### TASK BRIEF
Find the word "featuring" in the listing below, then return every line it appears in.

### LISTED ENTRIES

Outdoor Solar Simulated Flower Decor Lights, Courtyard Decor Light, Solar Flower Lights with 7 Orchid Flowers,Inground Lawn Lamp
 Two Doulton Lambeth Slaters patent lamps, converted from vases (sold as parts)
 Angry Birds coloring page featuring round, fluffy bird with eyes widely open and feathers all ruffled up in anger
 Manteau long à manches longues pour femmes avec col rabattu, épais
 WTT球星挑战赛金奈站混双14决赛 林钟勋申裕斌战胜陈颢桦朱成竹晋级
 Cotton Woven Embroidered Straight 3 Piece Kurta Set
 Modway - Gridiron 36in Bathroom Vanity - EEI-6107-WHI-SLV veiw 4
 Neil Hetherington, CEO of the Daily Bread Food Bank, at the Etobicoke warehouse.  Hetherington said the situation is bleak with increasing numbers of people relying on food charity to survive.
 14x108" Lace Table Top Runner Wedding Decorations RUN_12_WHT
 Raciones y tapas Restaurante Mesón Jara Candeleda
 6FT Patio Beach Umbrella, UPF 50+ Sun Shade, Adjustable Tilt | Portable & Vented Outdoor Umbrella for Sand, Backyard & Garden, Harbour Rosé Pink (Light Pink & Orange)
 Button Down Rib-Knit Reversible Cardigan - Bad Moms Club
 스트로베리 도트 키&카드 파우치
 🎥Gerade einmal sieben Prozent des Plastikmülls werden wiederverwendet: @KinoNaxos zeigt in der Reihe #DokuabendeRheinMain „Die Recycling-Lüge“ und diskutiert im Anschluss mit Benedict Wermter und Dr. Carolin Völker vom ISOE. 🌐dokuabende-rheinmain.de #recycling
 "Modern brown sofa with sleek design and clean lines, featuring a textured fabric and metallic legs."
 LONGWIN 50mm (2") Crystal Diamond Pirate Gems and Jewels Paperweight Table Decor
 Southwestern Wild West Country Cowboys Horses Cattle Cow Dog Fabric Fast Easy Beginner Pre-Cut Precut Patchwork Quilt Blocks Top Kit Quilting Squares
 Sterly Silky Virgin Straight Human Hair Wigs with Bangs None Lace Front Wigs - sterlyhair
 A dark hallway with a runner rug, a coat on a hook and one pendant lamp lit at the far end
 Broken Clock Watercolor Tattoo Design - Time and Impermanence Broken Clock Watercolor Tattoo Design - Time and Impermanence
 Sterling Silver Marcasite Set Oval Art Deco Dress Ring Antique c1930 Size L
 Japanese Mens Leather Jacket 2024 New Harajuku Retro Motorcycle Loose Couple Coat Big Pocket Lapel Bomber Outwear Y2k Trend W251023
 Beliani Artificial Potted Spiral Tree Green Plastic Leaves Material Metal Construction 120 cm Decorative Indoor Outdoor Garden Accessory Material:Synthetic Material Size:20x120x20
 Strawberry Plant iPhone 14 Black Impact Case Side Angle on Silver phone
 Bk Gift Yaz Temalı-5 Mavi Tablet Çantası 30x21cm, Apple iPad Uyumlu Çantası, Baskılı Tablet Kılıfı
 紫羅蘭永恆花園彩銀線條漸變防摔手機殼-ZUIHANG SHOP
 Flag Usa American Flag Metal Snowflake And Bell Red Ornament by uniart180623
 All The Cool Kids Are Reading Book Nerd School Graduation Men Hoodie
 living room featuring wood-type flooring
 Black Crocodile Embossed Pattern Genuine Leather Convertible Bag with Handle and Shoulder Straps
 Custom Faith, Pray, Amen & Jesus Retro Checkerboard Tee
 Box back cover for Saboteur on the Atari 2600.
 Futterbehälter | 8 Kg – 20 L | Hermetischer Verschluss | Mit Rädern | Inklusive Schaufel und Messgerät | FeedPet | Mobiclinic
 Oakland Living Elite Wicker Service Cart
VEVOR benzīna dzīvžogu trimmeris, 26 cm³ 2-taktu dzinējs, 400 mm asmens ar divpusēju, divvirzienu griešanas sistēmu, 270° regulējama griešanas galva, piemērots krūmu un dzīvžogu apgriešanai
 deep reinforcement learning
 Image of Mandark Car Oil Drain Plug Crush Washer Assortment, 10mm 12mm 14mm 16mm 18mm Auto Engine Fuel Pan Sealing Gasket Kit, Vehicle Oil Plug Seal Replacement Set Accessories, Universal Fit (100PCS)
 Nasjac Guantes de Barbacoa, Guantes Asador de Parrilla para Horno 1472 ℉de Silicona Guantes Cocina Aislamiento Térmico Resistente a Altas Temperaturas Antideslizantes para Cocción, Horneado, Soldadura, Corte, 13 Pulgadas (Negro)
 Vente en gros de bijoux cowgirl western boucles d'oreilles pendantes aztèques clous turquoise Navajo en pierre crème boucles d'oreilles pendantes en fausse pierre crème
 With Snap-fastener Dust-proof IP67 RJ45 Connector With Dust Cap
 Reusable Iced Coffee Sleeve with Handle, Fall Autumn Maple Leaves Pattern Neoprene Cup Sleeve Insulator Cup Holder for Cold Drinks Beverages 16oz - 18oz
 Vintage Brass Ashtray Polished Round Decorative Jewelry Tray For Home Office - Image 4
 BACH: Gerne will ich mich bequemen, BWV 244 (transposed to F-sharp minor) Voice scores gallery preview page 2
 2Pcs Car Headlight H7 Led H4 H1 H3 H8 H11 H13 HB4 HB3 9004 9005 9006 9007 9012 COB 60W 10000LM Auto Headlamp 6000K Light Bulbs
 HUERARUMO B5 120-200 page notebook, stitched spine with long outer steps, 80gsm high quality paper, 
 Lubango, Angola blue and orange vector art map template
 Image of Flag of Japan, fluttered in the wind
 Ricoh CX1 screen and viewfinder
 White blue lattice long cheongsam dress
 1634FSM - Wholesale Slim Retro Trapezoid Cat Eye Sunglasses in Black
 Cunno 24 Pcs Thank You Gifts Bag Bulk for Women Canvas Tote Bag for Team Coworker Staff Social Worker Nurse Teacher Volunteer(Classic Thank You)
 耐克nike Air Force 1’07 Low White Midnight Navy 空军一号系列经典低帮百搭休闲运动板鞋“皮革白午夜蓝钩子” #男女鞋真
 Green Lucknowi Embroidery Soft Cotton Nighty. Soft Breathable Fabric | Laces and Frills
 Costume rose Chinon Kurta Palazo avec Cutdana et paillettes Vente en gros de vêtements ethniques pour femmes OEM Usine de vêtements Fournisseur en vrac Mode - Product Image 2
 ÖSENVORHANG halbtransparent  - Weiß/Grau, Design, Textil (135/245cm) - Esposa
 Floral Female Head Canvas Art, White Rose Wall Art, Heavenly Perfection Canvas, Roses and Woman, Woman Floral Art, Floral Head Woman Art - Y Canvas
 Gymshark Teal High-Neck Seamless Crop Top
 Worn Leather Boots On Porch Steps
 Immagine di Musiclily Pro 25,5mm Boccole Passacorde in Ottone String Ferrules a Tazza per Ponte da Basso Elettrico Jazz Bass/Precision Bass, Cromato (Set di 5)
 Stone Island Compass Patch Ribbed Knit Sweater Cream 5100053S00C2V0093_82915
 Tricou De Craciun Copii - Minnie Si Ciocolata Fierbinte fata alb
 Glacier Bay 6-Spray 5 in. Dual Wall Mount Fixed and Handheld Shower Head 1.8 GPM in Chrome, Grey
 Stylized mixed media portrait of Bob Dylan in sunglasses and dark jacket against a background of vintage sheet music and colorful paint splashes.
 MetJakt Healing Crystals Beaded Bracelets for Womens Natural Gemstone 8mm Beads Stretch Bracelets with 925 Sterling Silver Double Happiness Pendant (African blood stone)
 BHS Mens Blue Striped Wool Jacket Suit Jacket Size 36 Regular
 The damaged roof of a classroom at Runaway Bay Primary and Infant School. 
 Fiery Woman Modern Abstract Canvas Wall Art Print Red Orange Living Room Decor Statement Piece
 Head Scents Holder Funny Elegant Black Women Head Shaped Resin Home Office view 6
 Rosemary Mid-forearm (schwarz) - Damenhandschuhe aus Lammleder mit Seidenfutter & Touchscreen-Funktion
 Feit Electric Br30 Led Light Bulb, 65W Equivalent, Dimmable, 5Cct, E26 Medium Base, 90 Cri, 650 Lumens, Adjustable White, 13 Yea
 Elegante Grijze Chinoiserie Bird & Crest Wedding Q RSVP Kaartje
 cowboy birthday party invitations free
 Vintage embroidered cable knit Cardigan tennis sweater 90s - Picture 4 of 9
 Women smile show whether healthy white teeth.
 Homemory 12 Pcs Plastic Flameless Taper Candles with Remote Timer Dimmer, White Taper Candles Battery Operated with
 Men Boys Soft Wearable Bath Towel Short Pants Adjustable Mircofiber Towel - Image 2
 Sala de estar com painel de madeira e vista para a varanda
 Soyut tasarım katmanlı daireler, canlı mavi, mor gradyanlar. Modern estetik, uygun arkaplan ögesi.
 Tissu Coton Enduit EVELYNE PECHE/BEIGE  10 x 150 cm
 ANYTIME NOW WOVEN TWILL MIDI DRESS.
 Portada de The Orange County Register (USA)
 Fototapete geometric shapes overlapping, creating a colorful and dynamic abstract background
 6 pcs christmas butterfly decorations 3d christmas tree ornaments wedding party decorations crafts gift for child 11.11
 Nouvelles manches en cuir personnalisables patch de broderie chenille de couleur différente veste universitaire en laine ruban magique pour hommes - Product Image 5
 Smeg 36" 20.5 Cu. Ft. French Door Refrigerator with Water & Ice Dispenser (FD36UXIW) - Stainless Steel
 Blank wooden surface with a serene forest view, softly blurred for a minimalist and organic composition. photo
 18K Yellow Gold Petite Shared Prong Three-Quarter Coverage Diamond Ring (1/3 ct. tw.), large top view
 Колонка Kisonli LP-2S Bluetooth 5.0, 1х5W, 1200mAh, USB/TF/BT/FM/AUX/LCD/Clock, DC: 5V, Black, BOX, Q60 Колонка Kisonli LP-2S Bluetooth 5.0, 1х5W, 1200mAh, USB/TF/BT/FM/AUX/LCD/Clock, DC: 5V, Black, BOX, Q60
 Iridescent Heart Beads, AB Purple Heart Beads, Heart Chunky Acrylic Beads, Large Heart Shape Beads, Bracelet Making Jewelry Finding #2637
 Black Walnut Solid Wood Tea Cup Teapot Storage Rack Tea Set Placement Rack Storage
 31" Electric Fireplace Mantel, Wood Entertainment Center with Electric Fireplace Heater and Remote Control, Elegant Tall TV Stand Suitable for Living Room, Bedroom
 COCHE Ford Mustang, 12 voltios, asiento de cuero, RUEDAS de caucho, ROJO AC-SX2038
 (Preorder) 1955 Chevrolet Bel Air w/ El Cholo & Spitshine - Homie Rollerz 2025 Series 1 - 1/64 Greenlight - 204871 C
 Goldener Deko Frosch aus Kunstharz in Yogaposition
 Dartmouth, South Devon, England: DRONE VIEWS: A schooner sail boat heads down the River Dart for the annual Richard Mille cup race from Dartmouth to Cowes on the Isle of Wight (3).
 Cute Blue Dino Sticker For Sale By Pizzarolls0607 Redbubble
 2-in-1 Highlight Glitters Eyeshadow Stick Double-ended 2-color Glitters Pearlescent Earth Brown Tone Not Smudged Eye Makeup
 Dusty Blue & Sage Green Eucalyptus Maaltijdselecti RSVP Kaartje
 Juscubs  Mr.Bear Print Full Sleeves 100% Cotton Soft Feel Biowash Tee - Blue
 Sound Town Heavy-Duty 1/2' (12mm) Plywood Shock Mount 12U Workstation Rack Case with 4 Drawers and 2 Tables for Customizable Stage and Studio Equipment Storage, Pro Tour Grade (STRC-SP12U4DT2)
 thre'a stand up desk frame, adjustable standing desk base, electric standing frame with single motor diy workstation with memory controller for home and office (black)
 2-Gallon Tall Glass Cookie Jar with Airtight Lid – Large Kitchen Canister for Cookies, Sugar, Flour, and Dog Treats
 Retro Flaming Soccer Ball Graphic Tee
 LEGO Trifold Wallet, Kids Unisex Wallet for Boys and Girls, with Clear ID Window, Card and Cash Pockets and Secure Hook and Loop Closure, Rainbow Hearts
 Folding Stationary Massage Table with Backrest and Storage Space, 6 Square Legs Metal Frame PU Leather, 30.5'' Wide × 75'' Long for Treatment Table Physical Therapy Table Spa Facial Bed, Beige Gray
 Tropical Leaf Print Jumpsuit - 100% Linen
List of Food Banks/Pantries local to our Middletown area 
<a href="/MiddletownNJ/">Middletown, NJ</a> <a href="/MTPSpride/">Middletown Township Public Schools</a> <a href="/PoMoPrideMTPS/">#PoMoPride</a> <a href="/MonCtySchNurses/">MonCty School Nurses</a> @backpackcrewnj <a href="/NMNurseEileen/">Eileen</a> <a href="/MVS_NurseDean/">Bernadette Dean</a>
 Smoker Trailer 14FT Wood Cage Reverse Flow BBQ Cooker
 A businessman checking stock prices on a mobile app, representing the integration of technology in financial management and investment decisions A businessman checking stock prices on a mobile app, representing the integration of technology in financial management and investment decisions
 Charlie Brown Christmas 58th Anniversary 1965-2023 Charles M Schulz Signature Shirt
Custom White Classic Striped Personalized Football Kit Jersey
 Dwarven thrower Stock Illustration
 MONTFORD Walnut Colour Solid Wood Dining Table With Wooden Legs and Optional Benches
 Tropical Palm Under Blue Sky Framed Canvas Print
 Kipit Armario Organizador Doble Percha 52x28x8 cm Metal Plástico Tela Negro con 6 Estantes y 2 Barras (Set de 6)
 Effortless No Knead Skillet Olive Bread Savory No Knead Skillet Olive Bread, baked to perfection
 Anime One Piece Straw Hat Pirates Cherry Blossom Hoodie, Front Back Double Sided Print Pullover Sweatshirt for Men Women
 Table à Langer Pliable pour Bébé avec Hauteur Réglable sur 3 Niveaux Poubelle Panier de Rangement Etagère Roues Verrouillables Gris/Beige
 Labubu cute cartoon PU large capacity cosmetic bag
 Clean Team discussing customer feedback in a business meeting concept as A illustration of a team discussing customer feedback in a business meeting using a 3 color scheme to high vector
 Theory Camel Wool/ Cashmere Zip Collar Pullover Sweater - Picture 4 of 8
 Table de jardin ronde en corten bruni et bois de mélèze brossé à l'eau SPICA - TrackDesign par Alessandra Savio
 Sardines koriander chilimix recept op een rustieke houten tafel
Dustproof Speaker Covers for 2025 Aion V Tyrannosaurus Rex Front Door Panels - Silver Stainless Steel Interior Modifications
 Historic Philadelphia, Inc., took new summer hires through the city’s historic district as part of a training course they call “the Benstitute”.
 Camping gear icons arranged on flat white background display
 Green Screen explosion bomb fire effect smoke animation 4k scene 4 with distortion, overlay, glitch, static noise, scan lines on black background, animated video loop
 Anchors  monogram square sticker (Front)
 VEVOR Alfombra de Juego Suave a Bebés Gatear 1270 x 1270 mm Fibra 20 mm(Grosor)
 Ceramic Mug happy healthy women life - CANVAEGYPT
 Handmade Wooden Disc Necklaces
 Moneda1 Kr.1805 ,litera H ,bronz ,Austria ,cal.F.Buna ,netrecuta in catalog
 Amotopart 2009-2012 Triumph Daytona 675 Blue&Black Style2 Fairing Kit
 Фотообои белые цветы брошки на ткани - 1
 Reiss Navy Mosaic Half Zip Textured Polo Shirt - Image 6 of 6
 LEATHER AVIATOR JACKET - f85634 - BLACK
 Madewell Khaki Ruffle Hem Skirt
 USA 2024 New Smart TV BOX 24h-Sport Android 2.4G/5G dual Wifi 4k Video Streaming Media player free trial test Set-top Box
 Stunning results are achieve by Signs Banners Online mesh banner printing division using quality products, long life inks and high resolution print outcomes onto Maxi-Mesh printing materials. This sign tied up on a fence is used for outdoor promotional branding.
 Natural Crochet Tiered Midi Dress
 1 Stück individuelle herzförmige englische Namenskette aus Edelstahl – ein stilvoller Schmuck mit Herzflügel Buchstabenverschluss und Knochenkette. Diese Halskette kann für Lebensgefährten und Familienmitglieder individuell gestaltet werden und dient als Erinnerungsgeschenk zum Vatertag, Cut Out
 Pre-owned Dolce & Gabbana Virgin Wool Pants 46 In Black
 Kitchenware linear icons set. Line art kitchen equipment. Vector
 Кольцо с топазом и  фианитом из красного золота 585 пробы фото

### WRITTEN RESPONSE
 Angry Birds coloring page featuring round, fluffy bird with eyes widely open and feathers all ruffled up in anger
 "Modern brown sofa with sleek design and clean lines, featuring a textured fabric and metallic legs."
 living room featuring wood-type flooring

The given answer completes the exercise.